Tu n’es pas lui. Il n’est pas toi.
Il est 6h10. Les stores sont clos. La pièce est plongée dans la pénombre. La maison est silencieuse. Tout le monde dort. Tout le monde, sauf lui. Tout le monde, sauf toi. Tu es là, dans un coin de ma tête, bien présente. J’ai la boule au ventre. Ma gorge se serre. Les souvenirs des moments partagés avec toi se mélangent avec l’instant que je suis en train de vivre à ses côtés et pourtant, tu n’es pas lui, il n’est pas toi.
Ses jolis yeux en forme d’amande me fixent. Je m’y perds. Je profite pleinement du moment. Je ne manque pas une miette de cet échange. Je suis allongée dans le lit, les genoux légèrement remontés. Installé sur mes cuisses, il me fixe du regard et tente de sortir quelques sons. Il vient de manger. Je lui murmure : « Tu es beau mon chéri!». Il rit. Je répète plusieurs fois la même phrase. A chaque fois, j’obtiens de magnifiques sourires. Il y a une année, c’est toi qui me souriait, ma chérie… Il y a une année c’est avec toi que je vivais ce bonheur. Je me rappelle, le cœur meurtri.
Tu sais, Margaux, hier matin, sur la table à langer, j’ai longuement observé ton petit frère, ce fabuleux arc-en-ciel que tu nous as envoyé. Je venais de lui enfiler ce joli body bleu aux motifs de pommes et de poires que toi aussi tu avais porté à plusieurs reprises. Durant les premières semaines qui ont suivi ton départ, j’accordais beaucoup de valeur à tes vêtements. Lorsque la douleur me rongeait de l’intérieur, lorsque je me trouvais au plus bas, j’avais l’habitude de me retirer dans ta chambre. Je refermais alors la porte derrière moi et sortais un habit de ton armoire. Je me blottissais contre un body, un pull, un pantalon, les larmes ruisselaient le long de mes joues et je respirais ton odeur. Dans ma tête des tas de questions, d’interrogations venaient amplifier ma peine. « Pourquoi nous, mon ange ? Pourquoi n’es-tu plus là avec nous ? Que dois-je faire de tout ces vêtements ? A quoi bon ? ». Ces morceaux de tissus me rappelaient ton absence, ce manque, ce vide, cette incommensurable douleur. Et pourtant, je ne pouvais pas m’en séparer. Ils maintenaient ce lien avec ton existence, ton vécu sur terre. J’étais incapable d’imaginer d’autres bébés les porter. Il t’appartenaient et ne pouvaient pas servir à d’autres que toi. Impossible ! Impensable !
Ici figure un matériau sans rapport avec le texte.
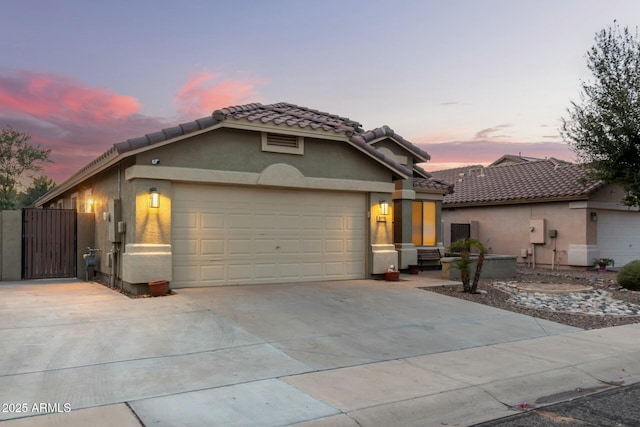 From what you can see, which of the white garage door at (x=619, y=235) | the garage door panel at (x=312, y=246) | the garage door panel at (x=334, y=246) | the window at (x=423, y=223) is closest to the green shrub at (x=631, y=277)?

Depuis plusieurs graines que tu as semées sur notre parcours, sur ce chemin du bonheur tant espéré, ont germé et j’ai compris ! Oui, j’ai compris ! Merci, ma chérie. Tu m’as ouvert les yeux, mon amour. Tu n’es pas ces vêtements. Tu n’existes pas dans les objets qui t’appartenaient. Tu es là partout autour de moi, dans ma manière de vivre, dans l’amour que je porte à tes frères, dans les moments de joie mais aussi de doute, de méfiance et de crainte. Tu guides chaque seconde, chaque minute, chaque heure, chaque jour de notre vie, de ma vie. « Tu n’es plus là où tu étais, tu es partout là où je suis ». Je le ressens, je le vis à chaque instant.
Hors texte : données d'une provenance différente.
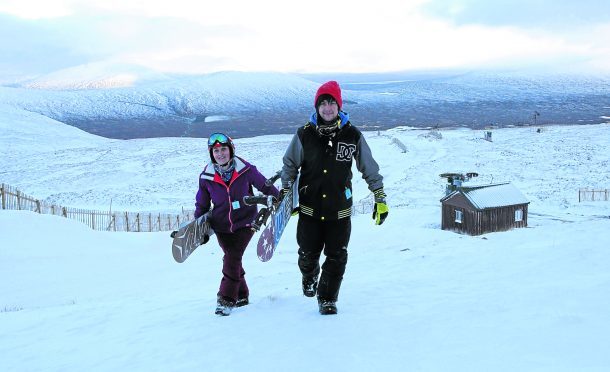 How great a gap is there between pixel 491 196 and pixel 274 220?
17.8 meters

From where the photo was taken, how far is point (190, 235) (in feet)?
16.6

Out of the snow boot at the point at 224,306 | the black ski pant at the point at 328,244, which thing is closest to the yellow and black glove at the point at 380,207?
the black ski pant at the point at 328,244

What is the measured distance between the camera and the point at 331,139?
4070mm

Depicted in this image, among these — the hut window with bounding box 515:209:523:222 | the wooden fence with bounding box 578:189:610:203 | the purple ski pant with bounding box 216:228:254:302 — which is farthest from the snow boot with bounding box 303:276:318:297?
the wooden fence with bounding box 578:189:610:203

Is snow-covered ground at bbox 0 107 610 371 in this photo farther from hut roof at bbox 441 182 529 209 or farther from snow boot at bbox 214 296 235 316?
hut roof at bbox 441 182 529 209

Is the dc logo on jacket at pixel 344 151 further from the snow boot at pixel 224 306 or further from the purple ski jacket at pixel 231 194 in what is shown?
the snow boot at pixel 224 306

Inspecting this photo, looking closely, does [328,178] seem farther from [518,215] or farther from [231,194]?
[518,215]

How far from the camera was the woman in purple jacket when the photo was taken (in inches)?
183

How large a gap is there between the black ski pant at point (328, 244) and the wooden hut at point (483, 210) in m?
16.4

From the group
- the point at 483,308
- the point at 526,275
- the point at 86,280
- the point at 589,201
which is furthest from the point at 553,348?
the point at 589,201

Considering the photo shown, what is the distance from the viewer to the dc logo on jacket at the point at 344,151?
4070 mm

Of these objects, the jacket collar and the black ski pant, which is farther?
the black ski pant

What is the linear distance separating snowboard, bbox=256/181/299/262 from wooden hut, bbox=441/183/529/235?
53.9 feet

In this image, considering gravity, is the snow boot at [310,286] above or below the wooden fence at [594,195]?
above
Le temps a passé. J’ai distribué tes vêtements autour de moi. J’en ai gardé quelques-uns pour ton petit frère. Aujourd’hui, grâce à ces habits, je me souviens des beaux souvenirs, bien sûr avec amertume. Penser à toi, à nous fait toujours aussi mal et je suis convaincue que cette plaie ne disparaîtra jamais. Elle se refermera, ça j’en suis certaine, mais jamais la cicatrice que ta mort a laissé ne s’effacera.
Aujourd’hui, je suis ravie de mettre tes vêtements à Aloïs. Couché face à moi sur la table, j’ai vécu avec lui un instant de joie comme avec toi autrefois. J’étais heureuse de le voir dans cette étoffe de couleur bleu roi. Simultanément, je pensais à toi avec nostalgie, la douleur au ventre, comme je le fais à cet instant avec lui sur mes genoux dans ce même lit que tu as connu. Il y a une année, c’est à toi que j’enfilais ce joli body. Quel paradoxe ! Je vis le bonheur avec mélancolie. Tu me manques. Je te vois dans son sourire, dans son regard. Pourtant, tu n’es pas lui, il n’est pas toi.